「祇園精舍の鐘の声、諸行無常の響きあり。」
中学校の古文の授業で習う『平家物語』の冒頭の有名な言葉です。釈迦在世当時を代表する寺院であるこの「祇園精舍」でお釈迦さまは『阿弥陀経』を説かれます。
〝無問自説〟の経といわれる『阿弥陀経』ですが、お釈迦さまの大部分の説法は、誰かに尋ねられて教えを説かれるのですが、この『阿弥陀経』は誰も尋ねていないのに、いきなりお釈迦さまのほうから説き始められます。これを〝無問自説〟の経と言います。

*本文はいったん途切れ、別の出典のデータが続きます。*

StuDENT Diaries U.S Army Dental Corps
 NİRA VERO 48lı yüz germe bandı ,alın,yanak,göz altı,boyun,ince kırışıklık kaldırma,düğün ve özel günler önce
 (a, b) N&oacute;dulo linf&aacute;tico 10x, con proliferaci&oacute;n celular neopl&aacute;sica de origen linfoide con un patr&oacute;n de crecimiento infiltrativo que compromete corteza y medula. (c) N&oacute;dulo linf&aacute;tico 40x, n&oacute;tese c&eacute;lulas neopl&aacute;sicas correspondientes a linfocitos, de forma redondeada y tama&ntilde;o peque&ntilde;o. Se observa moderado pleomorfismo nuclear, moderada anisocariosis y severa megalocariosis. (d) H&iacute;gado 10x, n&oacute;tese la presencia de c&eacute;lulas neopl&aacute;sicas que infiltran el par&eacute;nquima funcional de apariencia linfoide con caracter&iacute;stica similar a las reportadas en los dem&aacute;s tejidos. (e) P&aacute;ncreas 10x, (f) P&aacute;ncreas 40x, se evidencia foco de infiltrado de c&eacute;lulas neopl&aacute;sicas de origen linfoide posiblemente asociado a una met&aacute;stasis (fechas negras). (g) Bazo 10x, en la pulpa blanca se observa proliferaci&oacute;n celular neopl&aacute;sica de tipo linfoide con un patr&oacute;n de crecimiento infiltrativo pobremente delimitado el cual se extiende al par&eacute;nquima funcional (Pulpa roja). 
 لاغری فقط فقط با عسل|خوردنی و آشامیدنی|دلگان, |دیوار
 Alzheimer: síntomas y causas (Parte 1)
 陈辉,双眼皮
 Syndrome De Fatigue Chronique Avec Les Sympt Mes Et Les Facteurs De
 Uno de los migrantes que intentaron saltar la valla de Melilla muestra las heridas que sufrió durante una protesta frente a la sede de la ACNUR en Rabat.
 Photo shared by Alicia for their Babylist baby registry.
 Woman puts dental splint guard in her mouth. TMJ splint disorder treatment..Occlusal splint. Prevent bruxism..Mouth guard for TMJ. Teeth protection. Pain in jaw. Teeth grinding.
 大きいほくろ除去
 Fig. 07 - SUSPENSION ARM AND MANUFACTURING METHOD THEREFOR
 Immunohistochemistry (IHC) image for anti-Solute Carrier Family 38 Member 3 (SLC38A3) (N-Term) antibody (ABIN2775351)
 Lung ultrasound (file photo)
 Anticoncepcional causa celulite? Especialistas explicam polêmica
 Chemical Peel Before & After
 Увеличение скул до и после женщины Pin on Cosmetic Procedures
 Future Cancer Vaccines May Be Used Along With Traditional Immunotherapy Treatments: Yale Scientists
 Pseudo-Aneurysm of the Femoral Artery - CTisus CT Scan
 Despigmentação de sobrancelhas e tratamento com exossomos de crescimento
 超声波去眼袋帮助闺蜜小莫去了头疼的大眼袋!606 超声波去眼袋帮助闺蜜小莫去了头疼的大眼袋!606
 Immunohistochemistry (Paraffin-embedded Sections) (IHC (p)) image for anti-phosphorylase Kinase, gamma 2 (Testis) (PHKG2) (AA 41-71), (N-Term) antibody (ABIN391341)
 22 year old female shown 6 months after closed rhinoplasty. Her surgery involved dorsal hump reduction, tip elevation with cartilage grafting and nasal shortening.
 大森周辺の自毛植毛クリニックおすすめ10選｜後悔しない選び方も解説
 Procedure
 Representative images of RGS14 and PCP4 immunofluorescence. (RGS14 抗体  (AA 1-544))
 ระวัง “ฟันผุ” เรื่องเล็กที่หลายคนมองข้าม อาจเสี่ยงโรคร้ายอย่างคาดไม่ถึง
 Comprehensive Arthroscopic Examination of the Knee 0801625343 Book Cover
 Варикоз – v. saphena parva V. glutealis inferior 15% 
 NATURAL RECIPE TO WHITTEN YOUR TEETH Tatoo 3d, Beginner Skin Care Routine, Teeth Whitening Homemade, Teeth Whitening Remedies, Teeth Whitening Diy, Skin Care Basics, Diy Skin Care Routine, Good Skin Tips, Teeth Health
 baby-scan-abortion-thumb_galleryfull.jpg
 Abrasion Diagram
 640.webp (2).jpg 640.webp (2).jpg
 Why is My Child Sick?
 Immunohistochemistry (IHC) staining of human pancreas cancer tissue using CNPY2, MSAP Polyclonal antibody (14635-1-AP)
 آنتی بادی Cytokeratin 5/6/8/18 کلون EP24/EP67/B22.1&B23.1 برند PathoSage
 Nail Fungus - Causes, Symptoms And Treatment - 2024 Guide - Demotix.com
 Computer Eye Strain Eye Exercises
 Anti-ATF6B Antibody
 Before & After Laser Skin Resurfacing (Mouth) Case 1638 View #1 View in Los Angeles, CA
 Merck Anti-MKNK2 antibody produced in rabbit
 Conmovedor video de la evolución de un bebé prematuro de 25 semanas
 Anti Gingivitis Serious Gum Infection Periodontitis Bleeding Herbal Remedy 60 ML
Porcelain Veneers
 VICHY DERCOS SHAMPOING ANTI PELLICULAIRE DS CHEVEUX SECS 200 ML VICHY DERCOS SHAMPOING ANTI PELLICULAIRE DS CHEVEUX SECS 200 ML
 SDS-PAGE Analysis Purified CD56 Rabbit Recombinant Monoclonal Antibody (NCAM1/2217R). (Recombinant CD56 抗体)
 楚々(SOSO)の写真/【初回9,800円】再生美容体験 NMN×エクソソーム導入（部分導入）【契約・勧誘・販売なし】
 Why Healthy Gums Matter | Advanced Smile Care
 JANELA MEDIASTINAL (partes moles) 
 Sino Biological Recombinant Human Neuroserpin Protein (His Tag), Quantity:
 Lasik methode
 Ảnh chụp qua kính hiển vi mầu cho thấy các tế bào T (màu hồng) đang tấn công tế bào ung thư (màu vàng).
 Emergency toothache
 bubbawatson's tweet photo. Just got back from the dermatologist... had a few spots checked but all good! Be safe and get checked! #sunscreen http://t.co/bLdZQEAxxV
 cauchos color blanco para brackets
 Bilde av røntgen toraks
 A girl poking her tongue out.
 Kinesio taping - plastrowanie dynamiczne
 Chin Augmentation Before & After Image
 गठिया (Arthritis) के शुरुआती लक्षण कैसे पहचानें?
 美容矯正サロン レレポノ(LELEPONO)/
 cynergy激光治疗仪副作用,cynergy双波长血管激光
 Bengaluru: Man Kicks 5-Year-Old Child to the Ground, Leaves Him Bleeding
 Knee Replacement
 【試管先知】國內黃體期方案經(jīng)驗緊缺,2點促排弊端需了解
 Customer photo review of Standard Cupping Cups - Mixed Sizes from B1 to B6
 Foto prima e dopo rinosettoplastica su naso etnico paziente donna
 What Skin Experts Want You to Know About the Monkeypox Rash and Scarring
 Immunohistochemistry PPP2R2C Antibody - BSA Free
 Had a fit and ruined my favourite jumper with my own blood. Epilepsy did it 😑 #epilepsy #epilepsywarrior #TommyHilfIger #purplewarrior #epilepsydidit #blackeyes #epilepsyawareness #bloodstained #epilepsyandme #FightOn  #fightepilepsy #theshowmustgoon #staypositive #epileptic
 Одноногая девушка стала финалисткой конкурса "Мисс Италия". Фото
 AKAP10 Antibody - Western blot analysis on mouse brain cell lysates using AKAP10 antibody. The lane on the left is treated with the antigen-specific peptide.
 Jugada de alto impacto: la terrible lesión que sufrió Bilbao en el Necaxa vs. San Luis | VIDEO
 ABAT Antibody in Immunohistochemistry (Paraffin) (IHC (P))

理由は、「お釈迦さまが説きたくて説きたくて仕方がなかった内容だから、嬉しくてたまらずに自分から語り出した」というのがこれまでの解釈です。
「え! そんな理由なの?」
って思いませんか。
「究極の真理を説く仏教なのに、そんな浅はかな理由でいいんですか!」
って突っ込みたくなりませんか?
浄土宗の開祖である法然さんや、その弟子で浄土真宗の宗祖となった親鸞さんの経典解釈ってこの程度だったんです。法然さんは平安時代末期から鎌倉時代初期の日本の僧で、比叡山で天台宗の教学を学び、承安5年(1175年)、専ら阿弥陀仏の誓いを信じて〝南無阿弥陀仏〟と念仏を唱えれば、死後は平等に往生できるという「専修念仏の教え」を説きます。
天台教学を学んでおきながら、この程度の解釈しか出来なかったということは、天台僧侶の中でも殆ど落ちこぼれだったのではないでしょうか。同じ比叡山で天台教学を学ばれた日蓮聖人から法然さんの「専修念仏の教え」は徹底的に論破されます。
で、「無問自説」の理由ですが、お釈迦さまが同行していた弟子の舎利弗に36回も呼びかけますが舎利弗は一回も返事を返しません。その理由を法然さんや親鸞さんは、次のように解釈します。
「あまりにも驚くべきことであったために、あっけにとられて言葉を発することができなかったのです!」
って、
「まじですか!」
って言い返したくなりませんか?
そんな単純な理由な訳ないでしょう。そんなだから日蓮聖人からこっぴどくやり込められてしまうんです。舎利弗が一度も口を開かなかったのは、五蘊を空じていたからです。この説法はパーリ経典に説かれる「サマタ瞑想とヴィパッサナー瞑想」からなる釈迦時代以前からあった「九次第定」と呼ばれる禅定で禅天に入った舎利弗が天界(色界)で聞いた説法だから、舎利弗はしゃべれる訳がないんです。